FOOD FRAUD is an increasingly critical issue in all areas of the complex and global supply chain. The problem of counterfeiting involves not only the deliberate re-labeling or incorrect labeling of cheap to premium products, but also the stretching with inferior components as well as the mixing of genetically unmodified products with genetically modified products. Information on authenticity parameters, such as geographical or botanical origin and chemical identity of plant raw materials, can be checked in principle by means of control of freight documents or invoices (traceability). In practice, this method has often proved to be inadequate, especially in the case of skillful criminal manipulations (FOOD CRIME), so that there is a need to develop safe analytical strategies.
For the research consortium the following tasks are derived:
High-tech method development (non-targeted)
For the differentiation of raw materials of different geographic origins as well as different biological identities, firstly highly resolved data (fingerprints) are recorded on all relevant cellular levels (genomics, proteomics and metabolomics). These studies are complemented by high-resolution element and isotope profile analyzes (isotopolomics).

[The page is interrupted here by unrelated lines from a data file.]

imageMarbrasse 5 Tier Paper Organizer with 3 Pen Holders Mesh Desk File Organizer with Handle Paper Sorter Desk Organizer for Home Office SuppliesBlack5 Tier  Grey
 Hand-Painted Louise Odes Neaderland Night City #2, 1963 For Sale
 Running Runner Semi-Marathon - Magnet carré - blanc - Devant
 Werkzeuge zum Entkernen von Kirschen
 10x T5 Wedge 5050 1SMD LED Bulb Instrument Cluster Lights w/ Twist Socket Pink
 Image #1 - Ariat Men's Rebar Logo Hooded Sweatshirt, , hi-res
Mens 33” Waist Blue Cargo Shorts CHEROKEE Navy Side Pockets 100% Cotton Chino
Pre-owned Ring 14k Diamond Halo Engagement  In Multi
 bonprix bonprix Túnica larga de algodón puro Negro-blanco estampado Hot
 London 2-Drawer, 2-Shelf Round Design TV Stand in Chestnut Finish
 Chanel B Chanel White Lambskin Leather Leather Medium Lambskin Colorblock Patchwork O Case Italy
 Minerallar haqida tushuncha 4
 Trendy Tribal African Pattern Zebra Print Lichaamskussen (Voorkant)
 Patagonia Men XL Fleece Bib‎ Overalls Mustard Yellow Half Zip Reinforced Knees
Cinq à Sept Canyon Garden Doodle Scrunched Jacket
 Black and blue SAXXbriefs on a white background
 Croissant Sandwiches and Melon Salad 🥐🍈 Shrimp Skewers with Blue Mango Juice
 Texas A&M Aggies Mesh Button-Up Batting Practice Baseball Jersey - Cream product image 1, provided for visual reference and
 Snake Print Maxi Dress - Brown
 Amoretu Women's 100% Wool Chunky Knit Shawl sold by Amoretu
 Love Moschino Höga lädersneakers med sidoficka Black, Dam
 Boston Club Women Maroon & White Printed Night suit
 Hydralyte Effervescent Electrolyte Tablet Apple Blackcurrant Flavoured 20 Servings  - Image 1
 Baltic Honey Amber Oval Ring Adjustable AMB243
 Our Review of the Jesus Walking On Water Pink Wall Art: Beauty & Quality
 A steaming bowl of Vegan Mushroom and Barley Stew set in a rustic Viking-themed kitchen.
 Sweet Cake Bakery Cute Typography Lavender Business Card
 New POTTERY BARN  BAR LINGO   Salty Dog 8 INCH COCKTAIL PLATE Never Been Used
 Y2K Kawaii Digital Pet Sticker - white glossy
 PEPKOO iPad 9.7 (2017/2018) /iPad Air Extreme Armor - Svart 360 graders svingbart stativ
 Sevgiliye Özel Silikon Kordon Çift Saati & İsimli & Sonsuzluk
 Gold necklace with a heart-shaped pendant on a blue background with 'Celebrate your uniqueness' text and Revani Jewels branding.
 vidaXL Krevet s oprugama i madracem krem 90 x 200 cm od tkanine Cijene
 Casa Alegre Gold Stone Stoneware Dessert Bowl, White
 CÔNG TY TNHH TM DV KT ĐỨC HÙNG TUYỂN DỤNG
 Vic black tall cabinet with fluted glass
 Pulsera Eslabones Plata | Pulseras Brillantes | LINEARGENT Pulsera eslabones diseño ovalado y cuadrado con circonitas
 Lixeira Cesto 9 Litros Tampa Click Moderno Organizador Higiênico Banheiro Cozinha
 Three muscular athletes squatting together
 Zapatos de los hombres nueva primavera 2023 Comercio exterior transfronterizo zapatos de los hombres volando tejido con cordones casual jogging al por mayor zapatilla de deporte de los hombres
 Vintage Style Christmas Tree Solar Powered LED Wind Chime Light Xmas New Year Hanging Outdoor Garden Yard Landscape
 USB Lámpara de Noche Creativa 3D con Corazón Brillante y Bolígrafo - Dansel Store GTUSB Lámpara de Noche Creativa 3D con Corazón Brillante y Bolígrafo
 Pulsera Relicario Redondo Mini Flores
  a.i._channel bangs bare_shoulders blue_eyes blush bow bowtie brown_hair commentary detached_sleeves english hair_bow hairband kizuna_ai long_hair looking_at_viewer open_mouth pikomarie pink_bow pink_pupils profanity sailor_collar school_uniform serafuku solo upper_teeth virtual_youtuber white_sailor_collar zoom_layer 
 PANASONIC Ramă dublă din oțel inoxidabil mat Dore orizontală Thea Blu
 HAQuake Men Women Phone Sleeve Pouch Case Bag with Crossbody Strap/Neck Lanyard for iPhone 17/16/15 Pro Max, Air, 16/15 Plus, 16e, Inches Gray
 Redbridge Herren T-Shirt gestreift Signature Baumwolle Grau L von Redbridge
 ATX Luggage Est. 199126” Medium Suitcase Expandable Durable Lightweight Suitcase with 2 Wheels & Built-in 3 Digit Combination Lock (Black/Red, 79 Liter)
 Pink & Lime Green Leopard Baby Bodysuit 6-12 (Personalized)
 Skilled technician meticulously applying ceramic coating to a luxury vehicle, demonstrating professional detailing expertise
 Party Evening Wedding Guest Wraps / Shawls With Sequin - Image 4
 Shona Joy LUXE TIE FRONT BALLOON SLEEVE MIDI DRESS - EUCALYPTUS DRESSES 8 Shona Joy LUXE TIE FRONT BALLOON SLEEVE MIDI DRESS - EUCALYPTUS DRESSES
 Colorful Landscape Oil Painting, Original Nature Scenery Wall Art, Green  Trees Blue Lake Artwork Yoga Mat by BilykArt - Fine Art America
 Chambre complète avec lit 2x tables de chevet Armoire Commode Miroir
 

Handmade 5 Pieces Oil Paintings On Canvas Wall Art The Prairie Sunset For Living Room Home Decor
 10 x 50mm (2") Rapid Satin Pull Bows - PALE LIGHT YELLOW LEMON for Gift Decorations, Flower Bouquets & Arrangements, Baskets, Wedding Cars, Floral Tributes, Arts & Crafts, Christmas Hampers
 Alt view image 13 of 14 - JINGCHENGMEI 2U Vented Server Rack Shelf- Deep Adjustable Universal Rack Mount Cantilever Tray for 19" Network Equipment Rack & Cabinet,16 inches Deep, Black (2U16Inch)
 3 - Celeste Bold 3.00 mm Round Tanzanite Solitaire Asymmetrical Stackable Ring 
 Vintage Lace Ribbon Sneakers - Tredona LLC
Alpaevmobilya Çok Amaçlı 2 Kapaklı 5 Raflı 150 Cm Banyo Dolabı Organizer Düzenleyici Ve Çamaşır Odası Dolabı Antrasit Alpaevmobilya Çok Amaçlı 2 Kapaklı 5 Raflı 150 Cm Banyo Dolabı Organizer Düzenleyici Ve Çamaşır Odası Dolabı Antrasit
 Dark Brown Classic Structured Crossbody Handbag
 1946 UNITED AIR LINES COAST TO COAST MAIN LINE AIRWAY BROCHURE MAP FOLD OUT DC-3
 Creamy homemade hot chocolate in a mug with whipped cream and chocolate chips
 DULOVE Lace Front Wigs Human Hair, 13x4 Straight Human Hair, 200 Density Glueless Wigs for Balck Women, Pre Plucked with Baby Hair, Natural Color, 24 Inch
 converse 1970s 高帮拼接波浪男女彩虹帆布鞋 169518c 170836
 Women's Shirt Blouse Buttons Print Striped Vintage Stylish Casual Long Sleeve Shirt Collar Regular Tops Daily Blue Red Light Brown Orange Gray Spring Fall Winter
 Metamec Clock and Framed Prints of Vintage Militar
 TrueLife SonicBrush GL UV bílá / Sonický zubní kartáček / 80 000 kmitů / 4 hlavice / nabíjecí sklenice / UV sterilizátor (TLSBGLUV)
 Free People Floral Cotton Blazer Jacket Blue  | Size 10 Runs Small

Routine applications (targeted)
On the basis of statistical differences between the observed atomic and molecular data profiles, after data reduction, marker compounds are extracted from the experimental data, which can be used for the downstream development of uncomplicated and routine methods. At the same time, protocols are created that can be adapted and further developed cost-effectively in a company or commercial laboratory with appropriate equipment requirements, and ideally by scientifically untrained personnel.
A sustained data management system provides the basis for analyzing all data records, fingerprints and sequences / barcodes, even repeatedly at times (memory effect) and with regard to completely different questions. Especially the recycling of data can be particularly valuable with regard to the traceability of food.
A major goal is the transfer of knowledge, i. e. a close collaboration between academic research institutes and the economic enterprises involved, to improve food safety together.
Further developments on the technical / equipment side, in the software area as well as in the area of the interplay of the different physical processes should make food profiling better and more sustainable in the medium and long term. The goal is the optimization of the overall system towards sensitivity and total resolution, in order to get a still defined picture of the raw materials investigated. The possibility of directly linking the collected information with appropriate software algorithms can further improve the result. In addition, new physical principles are to be included in the concept upon availability.